In the listing below, find the line containing "We can also" and the line containing "And compared to". Repeat exactly those two lines and every line between them, nothing more.

→ Data for analysis
__________________________________________________

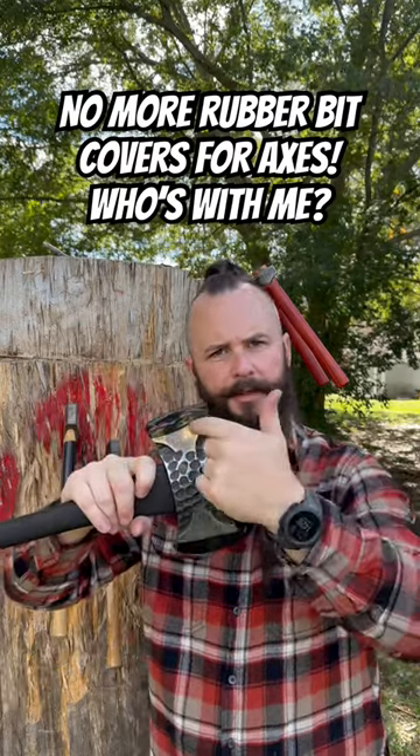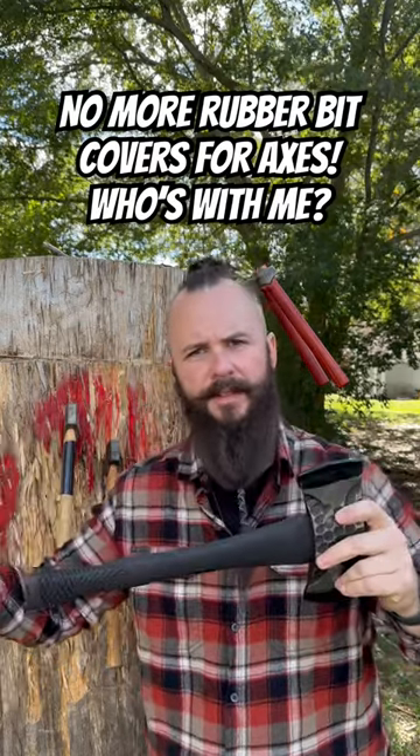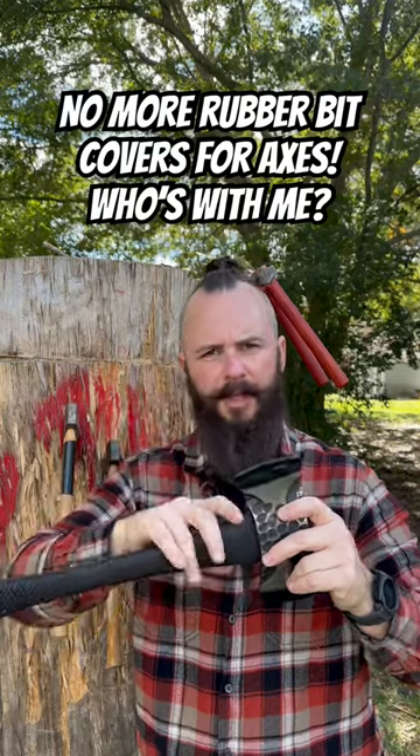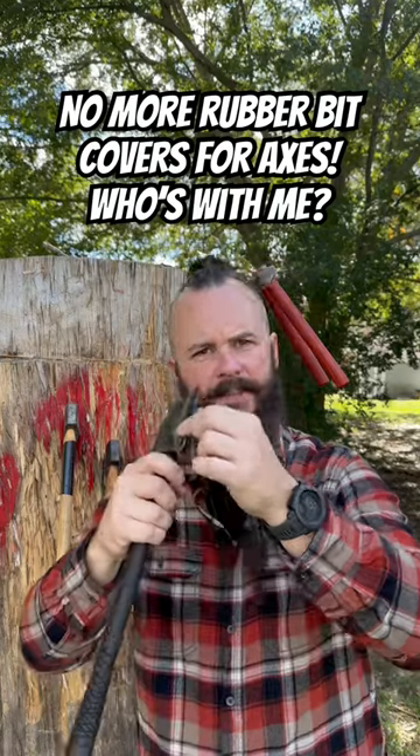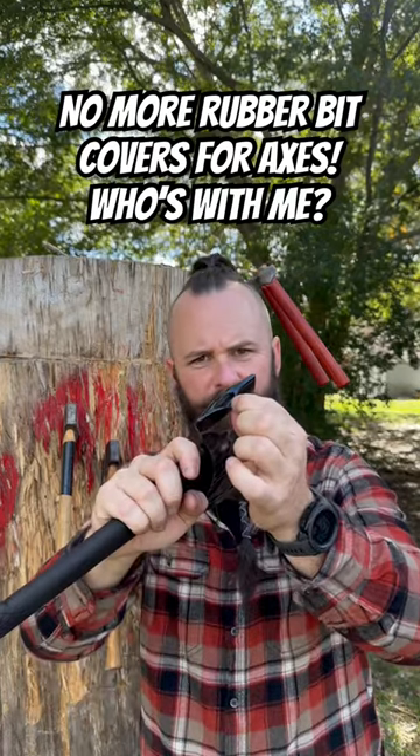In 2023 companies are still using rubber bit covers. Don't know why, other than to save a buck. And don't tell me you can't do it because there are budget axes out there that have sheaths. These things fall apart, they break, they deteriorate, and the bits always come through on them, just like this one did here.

__________________________________________________

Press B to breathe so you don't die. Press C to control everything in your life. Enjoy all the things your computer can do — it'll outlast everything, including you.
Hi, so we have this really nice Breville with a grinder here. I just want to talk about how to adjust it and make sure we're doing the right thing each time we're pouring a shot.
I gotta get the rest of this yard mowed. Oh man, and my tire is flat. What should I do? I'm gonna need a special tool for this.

__________________________________________________

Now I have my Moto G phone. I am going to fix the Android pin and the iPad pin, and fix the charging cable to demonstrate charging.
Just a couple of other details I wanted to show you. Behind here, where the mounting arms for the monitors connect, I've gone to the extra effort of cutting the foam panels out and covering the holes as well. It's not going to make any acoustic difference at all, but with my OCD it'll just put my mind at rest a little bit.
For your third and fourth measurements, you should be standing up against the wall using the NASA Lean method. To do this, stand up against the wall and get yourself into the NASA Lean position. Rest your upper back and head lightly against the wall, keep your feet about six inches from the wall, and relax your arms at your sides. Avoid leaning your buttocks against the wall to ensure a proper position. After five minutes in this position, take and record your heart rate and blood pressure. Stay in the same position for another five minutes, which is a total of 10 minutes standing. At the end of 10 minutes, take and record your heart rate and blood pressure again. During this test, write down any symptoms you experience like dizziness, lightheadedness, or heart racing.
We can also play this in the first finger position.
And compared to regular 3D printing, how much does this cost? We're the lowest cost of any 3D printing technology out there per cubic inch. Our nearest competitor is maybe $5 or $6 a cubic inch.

__________________________________________________

→ Task result
We can also play this in the first finger position.
And compared to regular 3D printing, how much does this cost? We're the lowest cost of any 3D printing technology out there per cubic inch. Our nearest competitor is maybe $5 or $6 a cubic inch.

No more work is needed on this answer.